> **What you need to do**: Reproduce nothing beyond the line containing "Owell Naturals Neuropathy". From the first line of the data below down to it, copy each line exactly, without the pictures.

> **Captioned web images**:
□ □ □ □ □

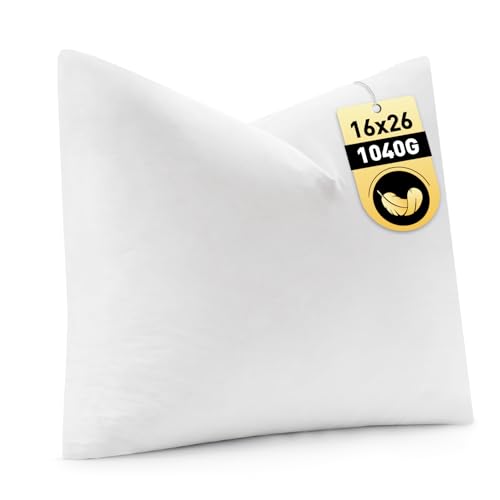 MIULEE 16x26 Inch Down Feather Pillow Insert Fluffy and Comfy Throw Pillow with Cotton Fabric for Bed Couch and Sofa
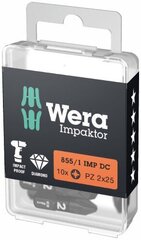 Биты Wera 855/1 Impaktor PZ 2 x 25 мм, 10 шт. цена и информация | Механические инструменты | 220.lv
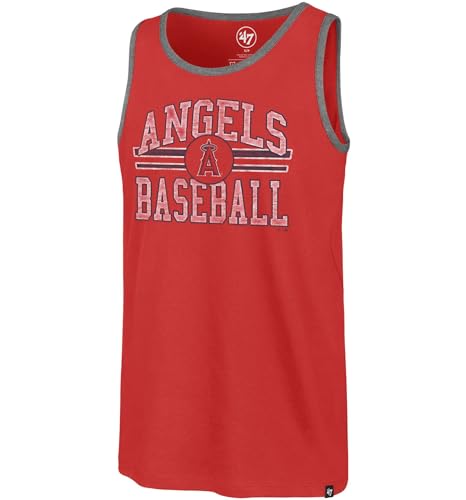 47 Men's Los Angeles Angels Winger Flanklin Red Tank Top - MLB Muscle T-Shirt (Large)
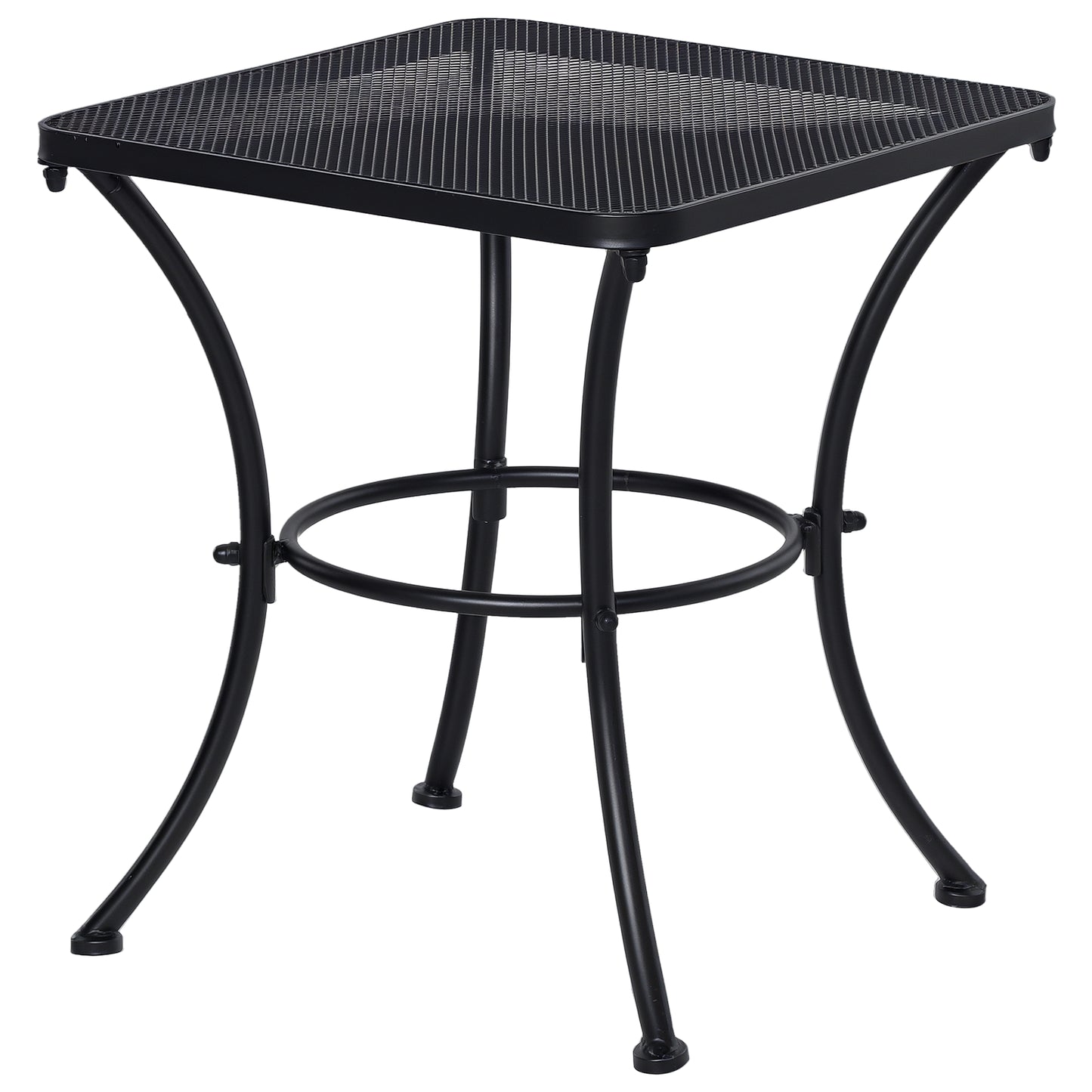 Square Outdoor Side Table, Metal Outdoor Patio Table, Garden Coffee Side Bistro Tables with Mesh Grid Top for Balcony, Porch, Backyard, 17.7" x 17.7" x 19.7", Black
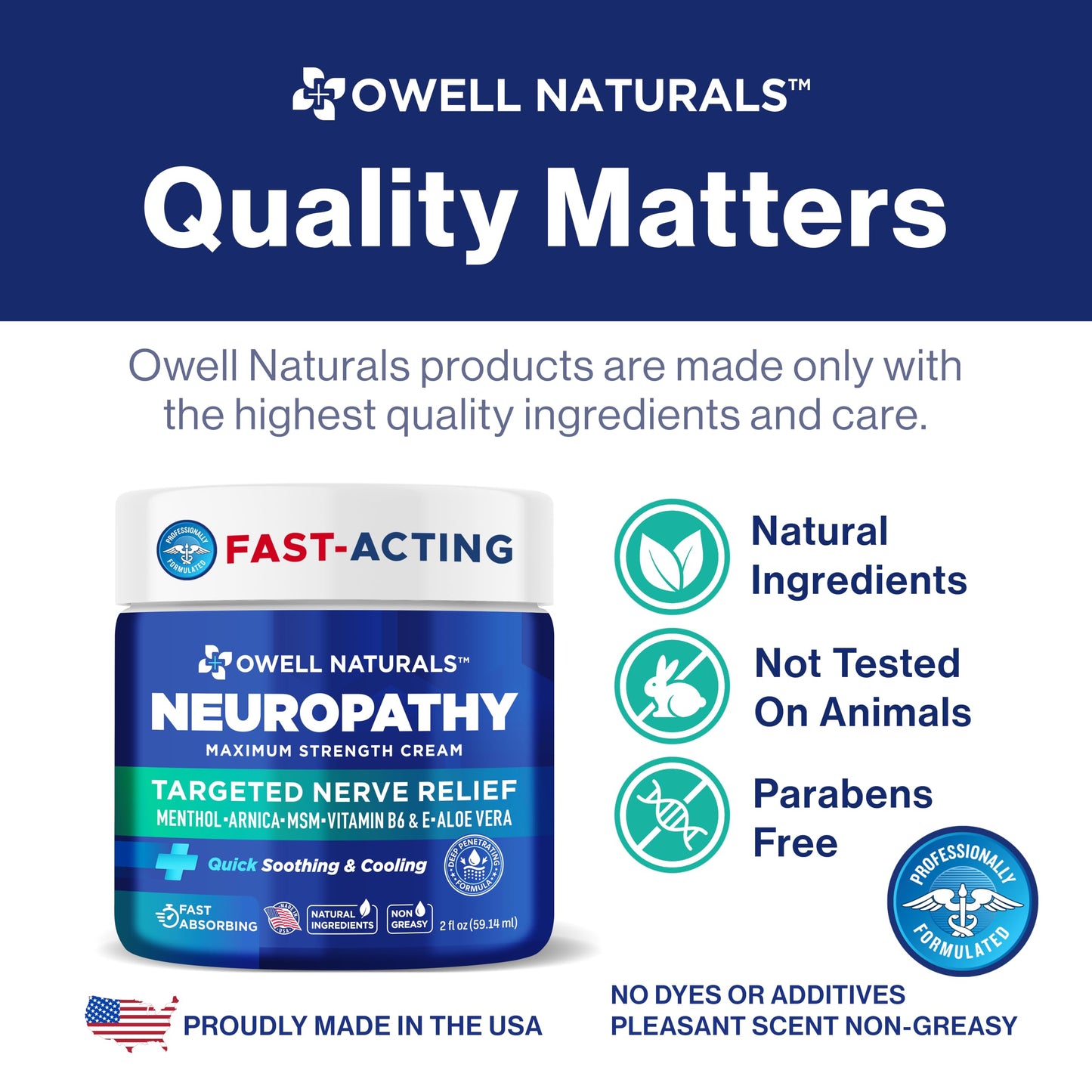 Owell Naturals Neuropathy Cream Extra Strength – Fast Absorbing Cooling for Leg, Feet & Hands – Advanced Soothing Formula with Aloe Vera, Arnica, MSM & Vitamin B6 – Made in USA, 2 fl oz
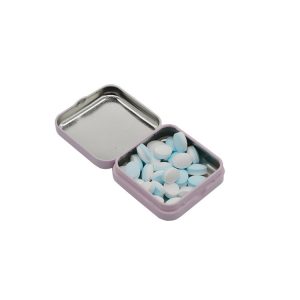 OEM Custom Printing Ready To Ship Small Square Rectangular Food Grate Craft Gift Mint Candy  White Metal Hinge Tinplate Box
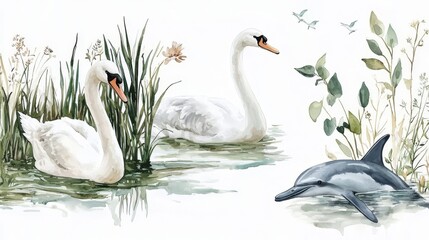 Obraz premium Serene aquatic scenes featuring elegant swans, a majestic heron, and a friendly dolphin in vibrant watercolors.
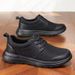 Euro Step Men's Casual Summer Breathable Mesh Black Lace-up Comfortable Work Trendy Versatile Sneakers Running Shoes_vogvips.com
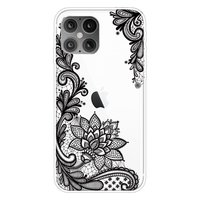 Coque TPU Fleurs au Henné pour iPhone 12 et iPhone 12 Pro - Transparente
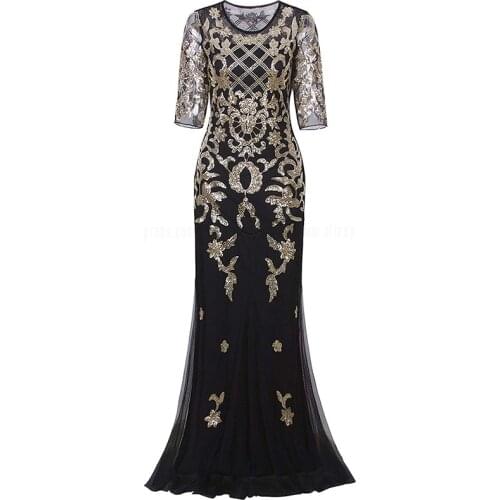 Vintage 1920s Great Gatsby Long Party Dresses 2/3 Sleeve Sequin Beaded Flapper Cocktail Party Plus Size Formal Gown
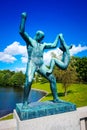 Sculpture of a man and girl, Vigeland Sculpture Park, Frogner Park - Oslo, Norway Royalty Free Stock Photo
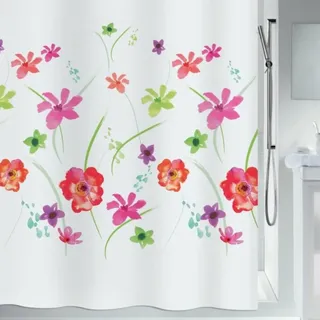 Spirella Kollektion Flower Meadow, Duschvorhang Textil 180 x 180 cm, 100% Polyester, Rot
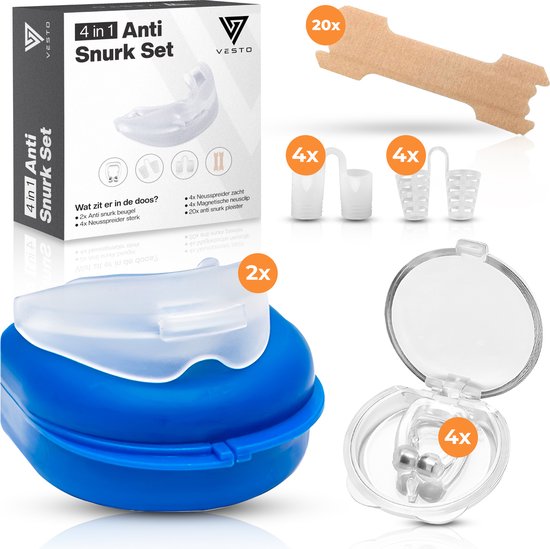 Vesto® Snore Set - 2x Anti Snore Brace - 20x Nose Plaster - 8x Nose Spreader - 4x Magnetic Nose Clip - Complete Set - Anti Snore Brace Pro - Anti Snore remedies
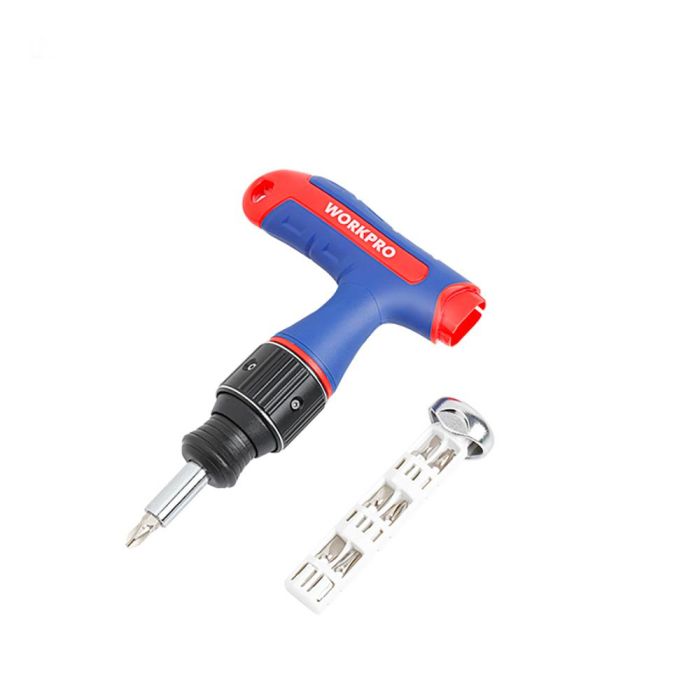 Workpro Destornillador de Carraca T 8 Piezas, 2 Veces Más Rápido, Mango Ergonómico, 7 Puntas Acero Cromo Vanadio, Rojo/Azul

□ □ □ □ □

> **Written response**:
 MIULEE 16x26 Inch Down Feather Pillow Insert Fluffy and Comfy Throw Pillow with Cotton Fabric for Bed Couch and Sofa
 Биты Wera 855/1 Impaktor PZ 2 x 25 мм, 10 шт. цена и информация | Механические инструменты | 220.lv
 47 Men's Los Angeles Angels Winger Flanklin Red Tank Top - MLB Muscle T-Shirt (Large)
 Square Outdoor Side Table, Metal Outdoor Patio Table, Garden Coffee Side Bistro Tables with Mesh Grid Top for Balcony, Porch, Backyard, 17.7" x 17.7" x 19.7", Black
 Owell Naturals Neuropathy Cream Extra Strength – Fast Absorbing Cooling for Leg, Feet & Hands – Advanced Soothing Formula with Aloe Vera, Arnica, MSM & Vitamin B6 – Made in USA, 2 fl oz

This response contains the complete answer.